### Task brief
Word for word, restate the entries below, but exclude the images.

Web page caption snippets
# # # #

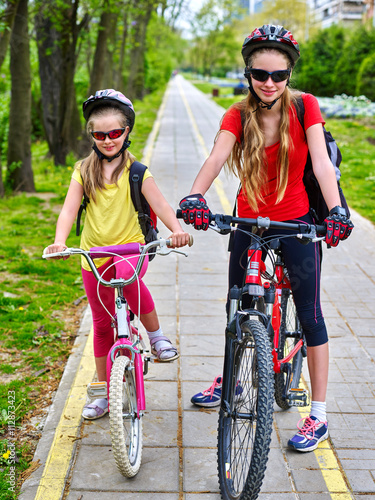 Bikes bicyclist girl. Girls wearing bicycle helmet and glass with rucksack ciclyng bicycle. Girls children cycling on yellow bike lane. Bike share program save money and time at city street. photo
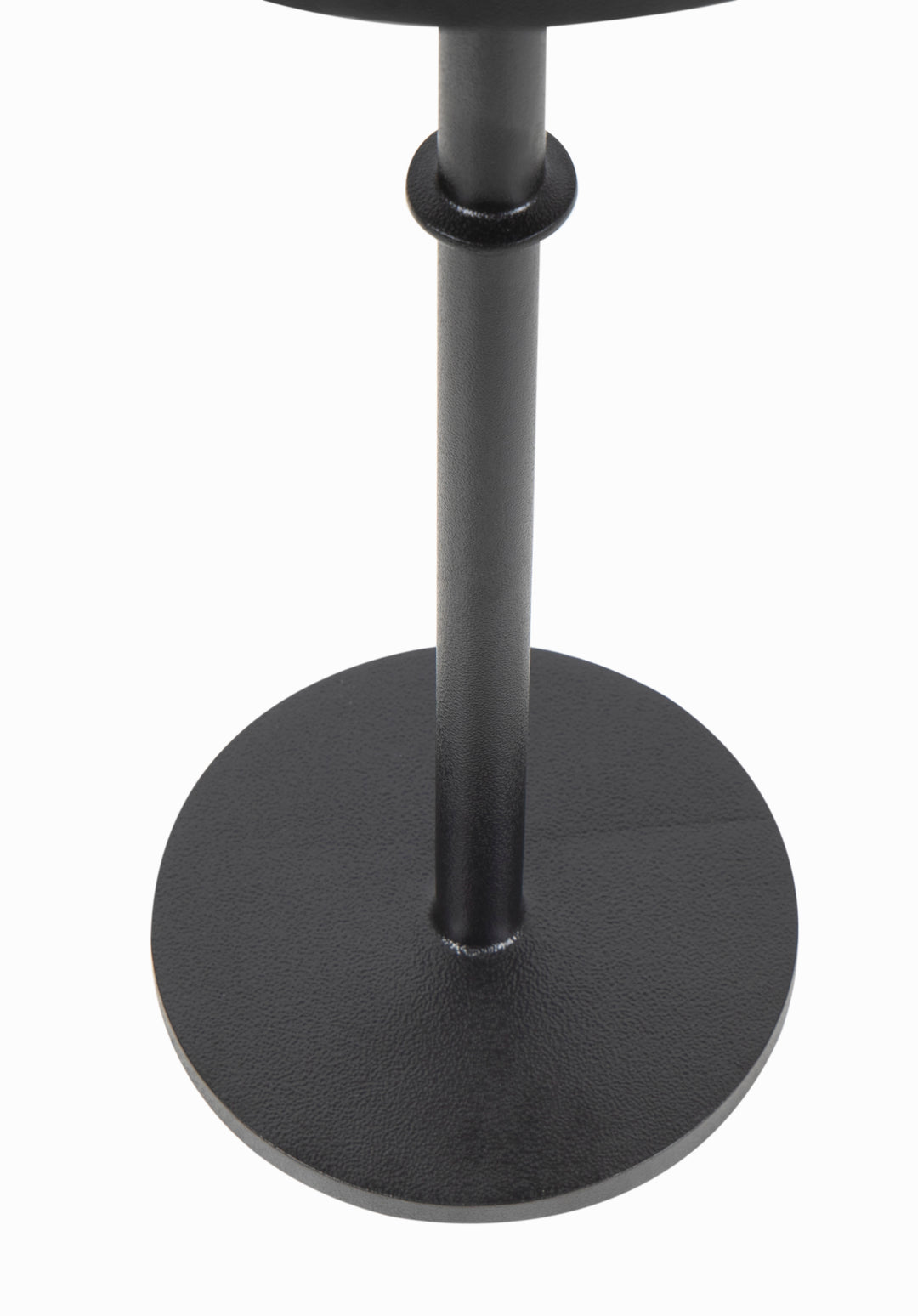 Black cast iron sturdy metal base in white background.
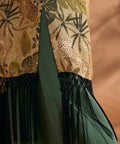 Close-up of black fringe trim and side slit on tropical print duster.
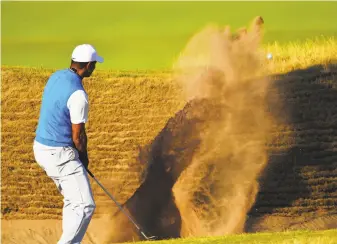  ?? Stuart Franklin / Getty Images ?? Tiger Woods blasts out of a bunker on the 14th hole at Carnoustie Golf Club on his way to a 71.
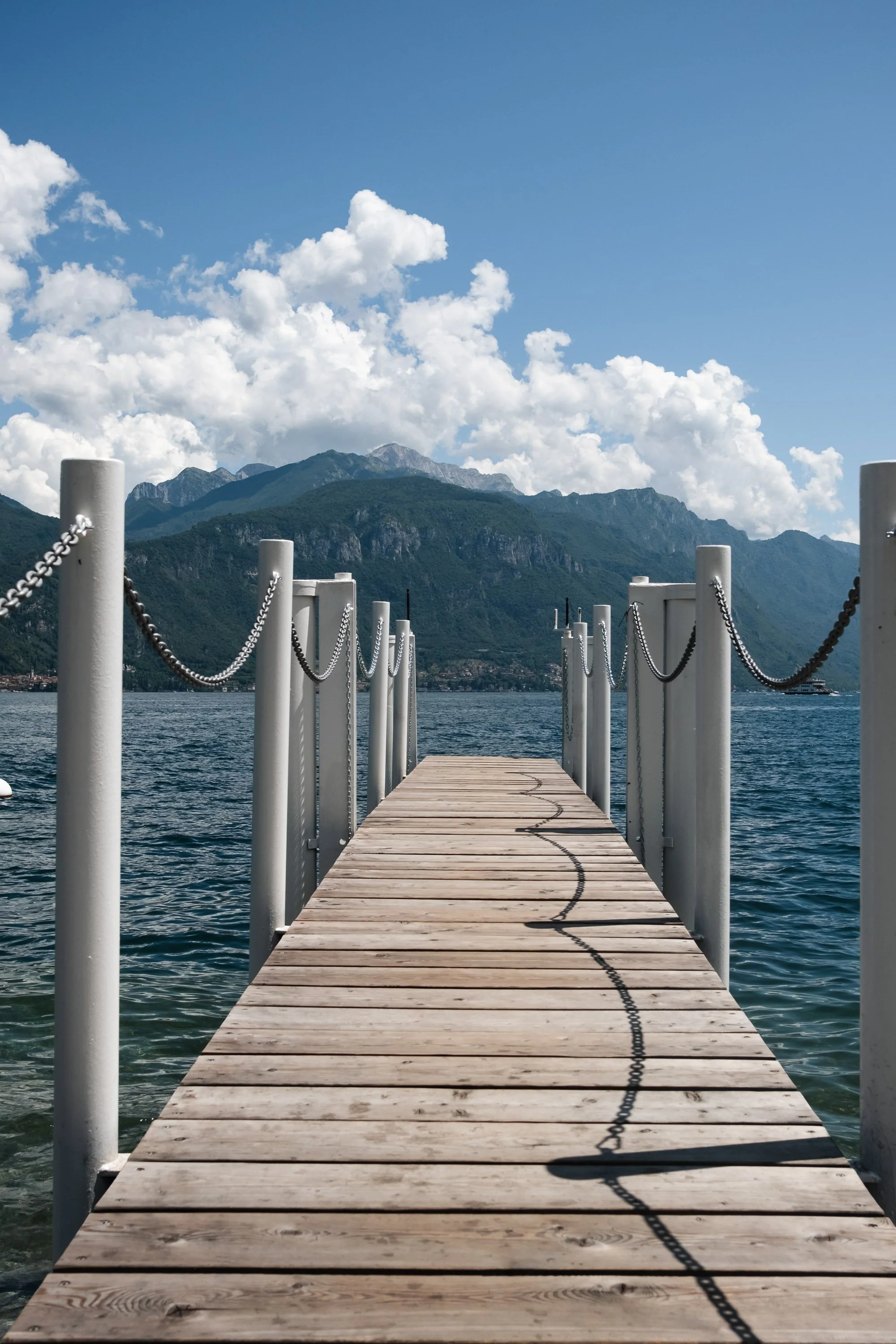 Minimal lake landscape print featuring a wooden pier extending toward alpine mountains under blue skies. Calm, modern nature wall art.
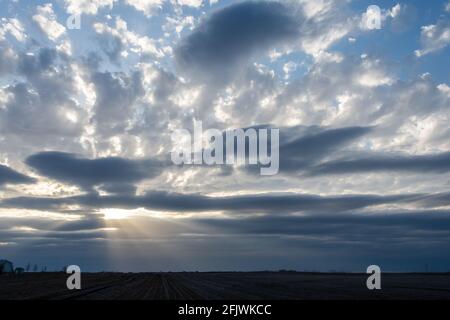 La luce di un sole che tramonta si rompe attraverso le nuvole serali su un campo agricolo invernale. Foto Stock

# # # #

### Output for this exercise
 Bikes bicyclist girl. Girls wearing bicycle helmet and glass with rucksack ciclyng bicycle. Girls children cycling on yellow bike lane. Bike share program save money and time at city street. photo
 Black cast iron sturdy metal base in white background.
 Close-up of black fringe trim and side slit on tropical print duster.
  ?? Stuart Franklin / Getty Images ?? Tiger Woods blasts out of a bunker on the 14th hole at Carnoustie Golf Club on his way to a 71.
 Minimal lake landscape print featuring a wooden pier extending toward alpine mountains under blue skies. Calm, modern nature wall art.
 La luce di un sole che tramonta si rompe attraverso le nuvole serali su un campo agricolo invernale. Foto Stock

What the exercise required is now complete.